Saatko (sinä)? -> Saaks sä? (usually pronounced "saaksä")

NB! As you may know, in spoken language, plural first and third persons ((me) saamme,  (he) saavat; Saammeko (me)? Saavatko (he)?)  are replaced with the  passive and singular third person, respectively. The -ks suffix is only  used with these colloquial forms, whereas the "grammatically correct" forms can only have the -ko suffix.

Me saamme. -> Me saadaan.
He saavat. -> Ne/He saa. ("Ne" is usually used instead of "he" in colloquial language)
Saammeko me? -> Saadaanko me? -> Saadaanks me? ("Saammeks me?" is not used)
Saavatko he? -> Saako ne? -> Saaks ne? ("Saavaks he?" is not used)


----------



## toonarmy

Thank you very much! 
I knew about the spoken forms of the plural first and third persons, but I didn't know that ks would be used only with these forms and not with the "correct" ones 
So as far as I understand with plural persons you never use it, do you? Like "ovatko?" = "ovaks?" for example.


----------



## altazure

Yes, you never use it like that. "Ovatko (he)?" becomes "Onks (he/ne)?"

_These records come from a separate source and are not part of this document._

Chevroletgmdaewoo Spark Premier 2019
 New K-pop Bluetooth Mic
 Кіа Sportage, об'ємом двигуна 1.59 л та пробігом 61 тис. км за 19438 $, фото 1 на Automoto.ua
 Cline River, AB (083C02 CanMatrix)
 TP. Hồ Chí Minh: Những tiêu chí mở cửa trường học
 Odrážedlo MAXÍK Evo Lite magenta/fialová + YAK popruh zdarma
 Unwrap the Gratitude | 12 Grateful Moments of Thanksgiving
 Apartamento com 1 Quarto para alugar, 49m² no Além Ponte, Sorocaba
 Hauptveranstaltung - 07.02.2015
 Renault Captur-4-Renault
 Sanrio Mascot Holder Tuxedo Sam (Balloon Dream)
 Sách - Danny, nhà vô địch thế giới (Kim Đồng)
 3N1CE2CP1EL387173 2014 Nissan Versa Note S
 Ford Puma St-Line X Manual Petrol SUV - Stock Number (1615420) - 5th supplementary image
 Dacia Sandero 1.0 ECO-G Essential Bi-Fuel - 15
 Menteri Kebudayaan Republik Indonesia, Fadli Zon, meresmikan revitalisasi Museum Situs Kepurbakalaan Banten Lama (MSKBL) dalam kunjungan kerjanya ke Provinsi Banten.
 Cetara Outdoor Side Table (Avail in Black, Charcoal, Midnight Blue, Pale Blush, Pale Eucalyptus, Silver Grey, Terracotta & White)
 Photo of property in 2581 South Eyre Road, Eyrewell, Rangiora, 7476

Remember though, you can still say "Onko (he/ne)?" instead. This sounds a bit more formal.


----------



## toonarmy

Cheers!


----------



## Gwydda

Worthwhile pointing out is the second person singular variable -ts-, as in "_osaatsä laulaa?_". 

I was talking about this the other day with some friends, and most of us would when chatting (Facebook, whatsup etc.) write that out as a single word. So not "Osaat sä laulaa?"
I think it's also being reflected in the pronunciation: there's no stress on the final syllable.




			
				altazure said:
			
		

> Saammeko me? -> Saadaanko me? -> Saadaanks me? ("Saammeks me?" is not used)



 Although I'd say "_saa'aks me_"


----------